Unfortunately, compiling and running a new kernel (5.16.0) did not solve the issue for me. I just got:

[67297.470558] Unable to handle kernel paging request at virtual address ffffff800000203e
[67297.477752] Oops [#1]
[67297.480000] Modules linked in: xts dm_crypt dm_mod amdgpu drm_ttm_helper ttm gpu_sched drm_kms_helper ftdi_sio snd_hda_codec_hdmi backlight snd_hda_intel snd_intel_dspcfg uas cfbfillrect syscopyarea snd_hda_codec cfbimgblt sysfillrect sysimgblt snd_hda_core fb_sys_fops cfbcopyarea fuse
[67297.505279] CPU: 3 PID: 386888 Comm: python3 Not tainted 5.16.0-00010-gb351901d62a5 #22
[67297.513266] Hardware name: SiFive HiFive Unmatched (DT)

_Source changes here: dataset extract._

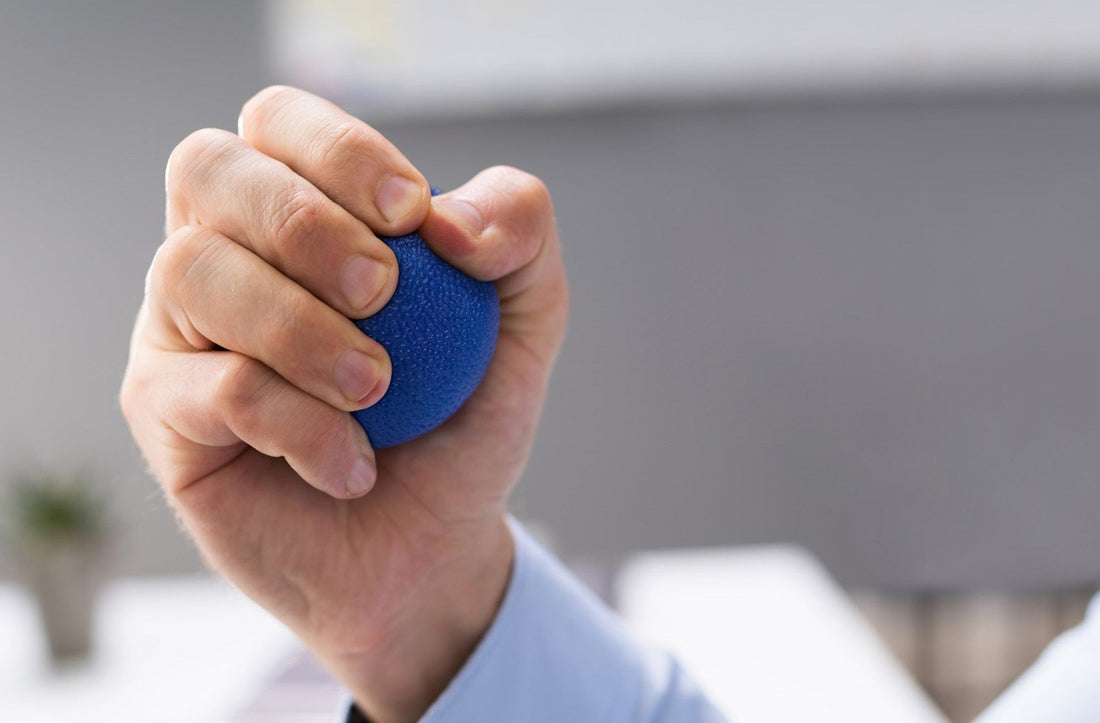 Stress Balls for Hand Therapy and Anxiety Relief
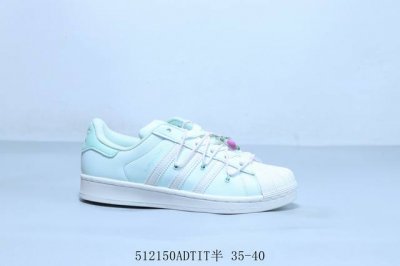 Adidas Originals Superstar Shell Toe Series Low-Top Classic All-Match Casual Spo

[67297.518478] epc : rmqueue_bulk+0xca/0x42c
[67297.522474]  ra : rmqueue_bulk+0x4a/0x42c
[67297.526470] epc : ffffffff8018bf7e ra : ffffffff8018befe sp : ffffffd11a213b50
[67297.533677]  gp : ffffffff81a2c278 tp : ffffffe0a0db4b40 t0 : ffffffff80009c6a
[67297.540886]  t1 : 000000000000000a t2 : ffffffff81000250 s0 : ffffffd11a213c00
[67297.548097]  s1 : ffffffff819da640 a0 : ffffffff819daa20 a1 : 0000000000000001
[67297.555306]  a2 : 4000000000002036 a3 : 0000000000000000 a4 : ffffffff819da710
[67297.562515]  a5 : ffffffff819da640 a6 : 0000000000000cc0 a7 : 00000000000000d0
[67297.569723]  s2 : 0000000000000010 s3 : 0000000000000000 s4 : 0000000000000000
[67297.576934]  s5 : 000000000000000a s6 : 000000000000000a s7 : ffffffe3fed63430
[67297.584142]  s8 : 000000000000003f s9 : 0000000000000001 s10: ffffffcf0c659708
[67297.591353]  s11: ffffffff819da710 t3 : 0000000000000001 t4 : 05000065756c6176
[67297.598562]  t5 : ffffffcf0c659700 t6 : 000000000000000b
[67297.603860] status: 0000000200000100 badaddr: ffffff800000203e cause: 000000000000000f
[67297.611765] [<ffffffff8018bf7e>] rmqueue_bulk+0xca/0x42c
[67297.617061] [<ffffffff8018d3c6>] get_page_from_freelist+0x67c/0x9e0
[67297.623317] [<ffffffff8018e5ee>] __alloc_pages+0x10e/0x1b2
[67297.628789] [<ffffffff80178182>] __handle_mm_fault+0x39e/0x9c2
[67297.634609] [<ffffffff80178820>] handle_mm_fault+0x7a/0x100
[67297.640165] [<ffffffff80009da2>] do_page_fault+0x138/0x39c
[67297.645640] [<ffffffff8000375e>] ret_from_exception+0x0/0xc
[67297.651367] ---[ end trace 74f2ea64d69c4ca9 ]--

I don’t have time at the moment to narrow it down, sorry. I tried with the bare minimum hw before, above. Bisecting is not possible as I have the problem with every kernel.